* Work item
When the listing below reaches the line that has "Una visión del mundo de la tecnología eólica", start reproducing exactly; stop after the line that has "Classics & Trends: Innovativ", and drop the pictures.

* Dataset extract
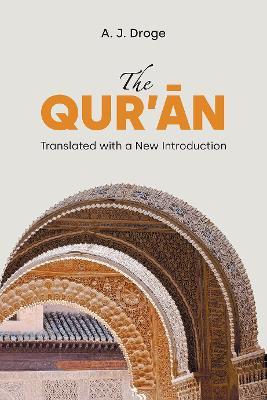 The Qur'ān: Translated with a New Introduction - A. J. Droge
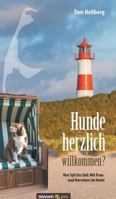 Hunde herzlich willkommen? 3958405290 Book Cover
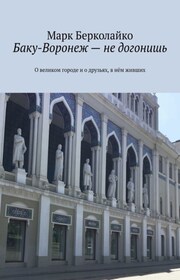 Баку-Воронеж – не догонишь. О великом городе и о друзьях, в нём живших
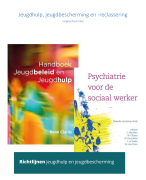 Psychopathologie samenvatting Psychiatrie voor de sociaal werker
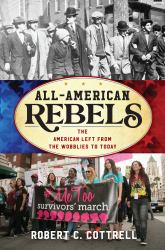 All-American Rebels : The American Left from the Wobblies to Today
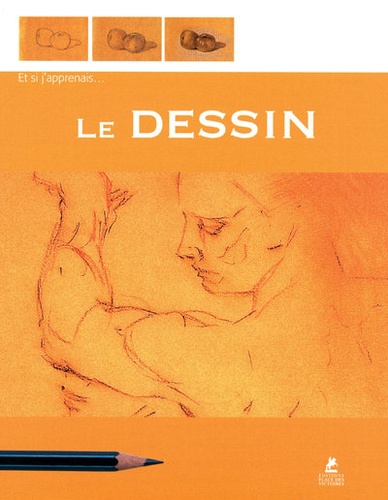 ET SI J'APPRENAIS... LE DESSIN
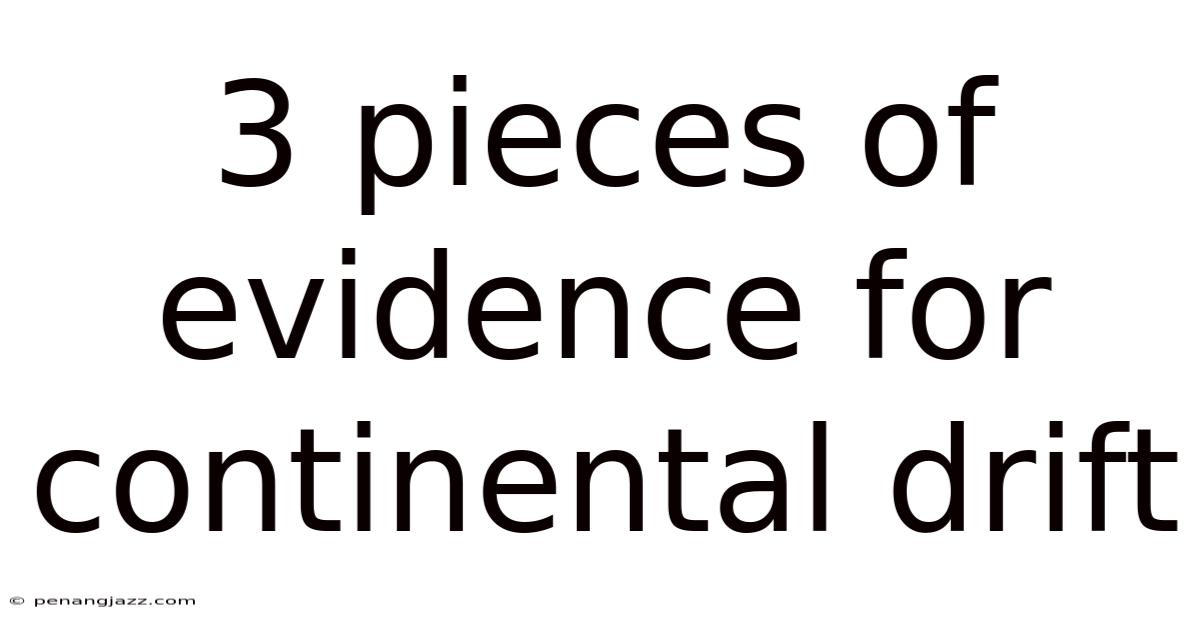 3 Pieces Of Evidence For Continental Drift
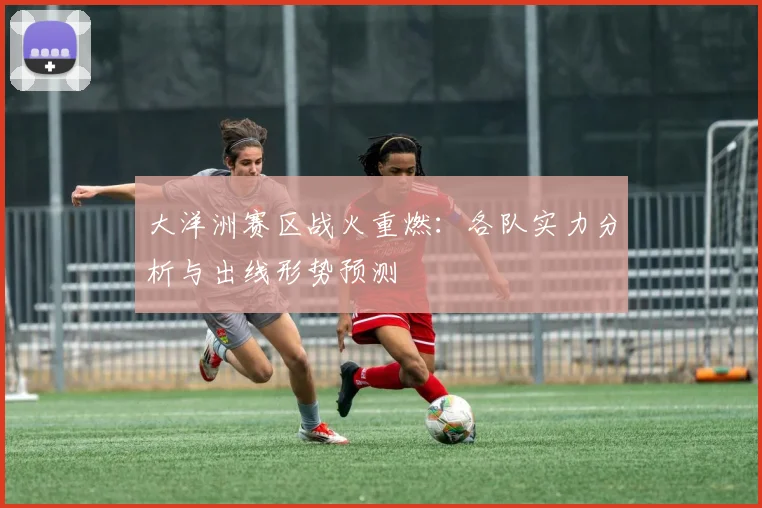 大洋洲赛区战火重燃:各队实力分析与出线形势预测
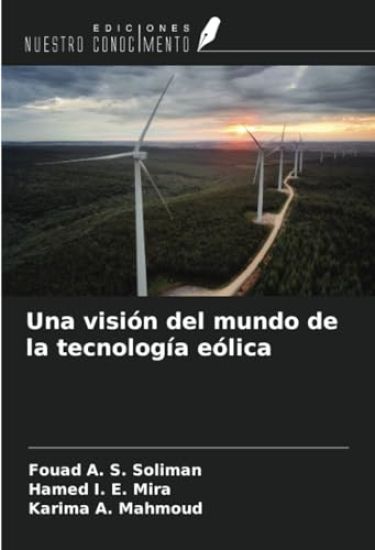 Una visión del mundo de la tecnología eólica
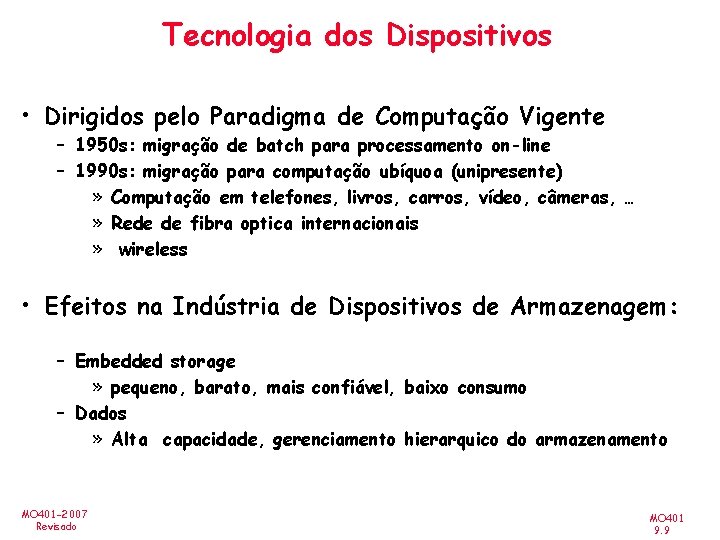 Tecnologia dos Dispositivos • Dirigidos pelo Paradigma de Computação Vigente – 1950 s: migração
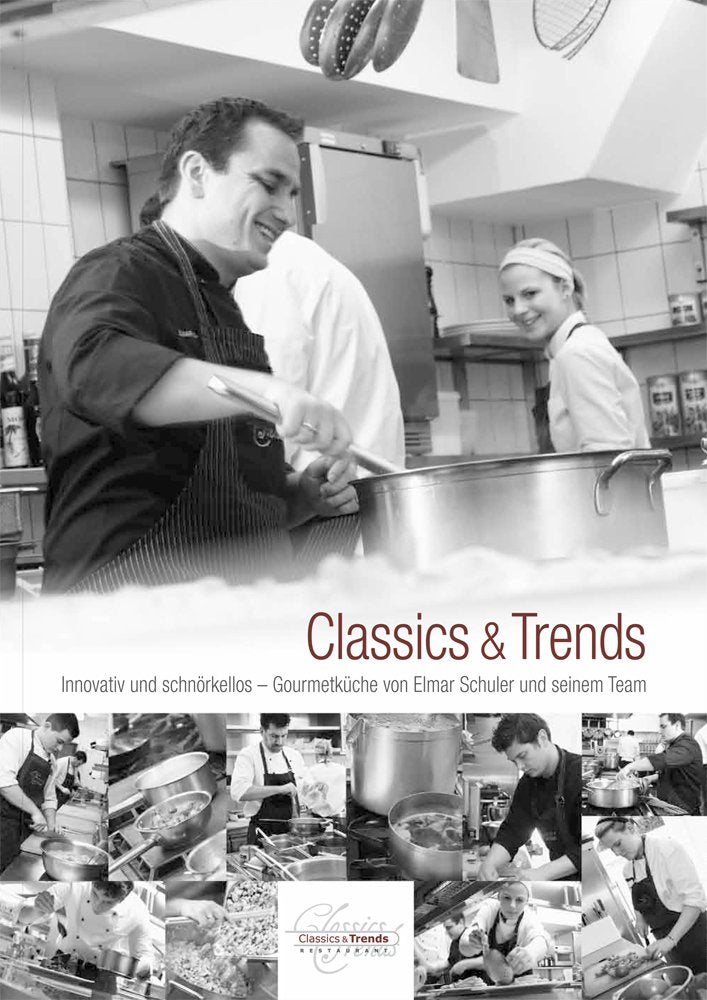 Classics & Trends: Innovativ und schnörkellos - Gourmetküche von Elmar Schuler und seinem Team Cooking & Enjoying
...
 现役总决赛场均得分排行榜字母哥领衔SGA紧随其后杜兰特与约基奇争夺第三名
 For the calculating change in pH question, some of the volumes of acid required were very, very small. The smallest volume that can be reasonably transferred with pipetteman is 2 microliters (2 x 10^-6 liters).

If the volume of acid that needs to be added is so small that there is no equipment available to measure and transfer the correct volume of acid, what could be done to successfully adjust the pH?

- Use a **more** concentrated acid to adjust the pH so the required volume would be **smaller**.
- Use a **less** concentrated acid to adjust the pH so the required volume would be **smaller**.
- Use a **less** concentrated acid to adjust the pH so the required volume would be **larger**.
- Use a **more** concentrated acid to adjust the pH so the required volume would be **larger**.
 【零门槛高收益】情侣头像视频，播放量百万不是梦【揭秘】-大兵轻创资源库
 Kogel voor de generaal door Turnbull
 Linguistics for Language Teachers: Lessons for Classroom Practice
==
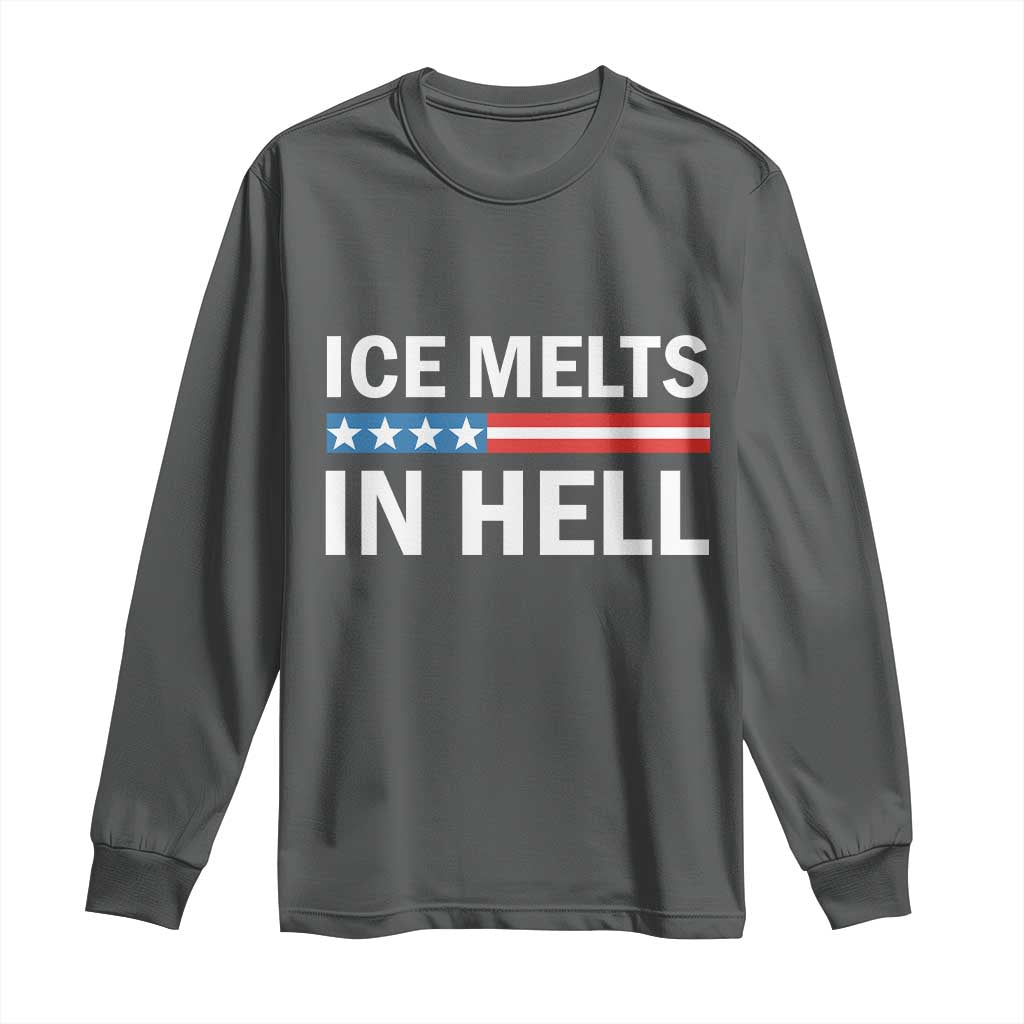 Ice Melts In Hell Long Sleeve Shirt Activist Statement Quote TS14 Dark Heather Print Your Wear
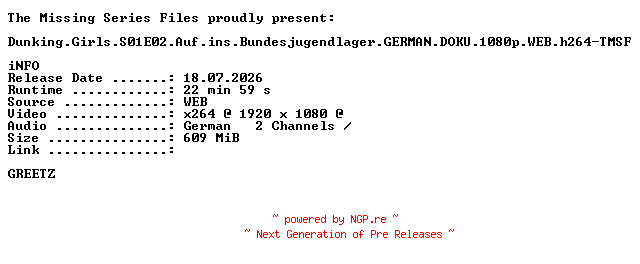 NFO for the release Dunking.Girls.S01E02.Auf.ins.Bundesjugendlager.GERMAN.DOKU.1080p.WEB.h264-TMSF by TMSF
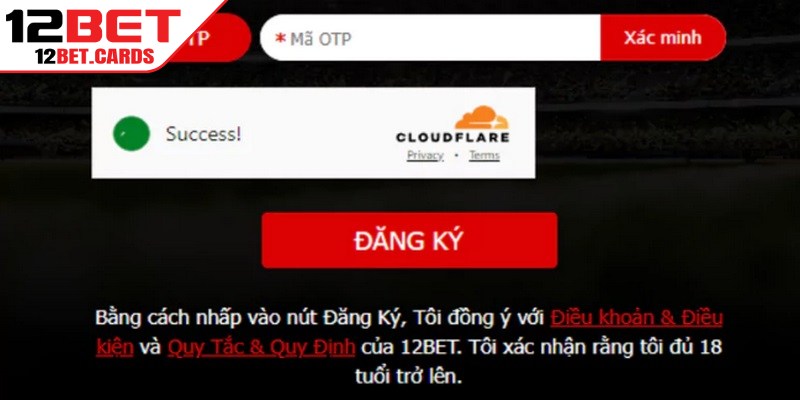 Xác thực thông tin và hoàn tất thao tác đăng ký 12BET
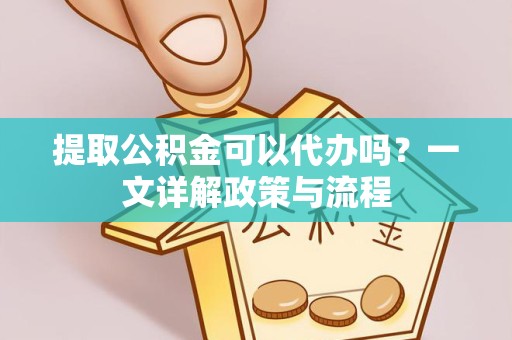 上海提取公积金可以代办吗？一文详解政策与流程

* Result of the task
 Una visión del mundo de la tecnología eólica
 Tecnologia dos Dispositivos • Dirigidos pelo Paradigma de Computação Vigente – 1950 s: migração
 Classics & Trends: Innovativ und schnörkellos - Gourmetküche von Elmar Schuler und seinem Team Cooking & Enjoying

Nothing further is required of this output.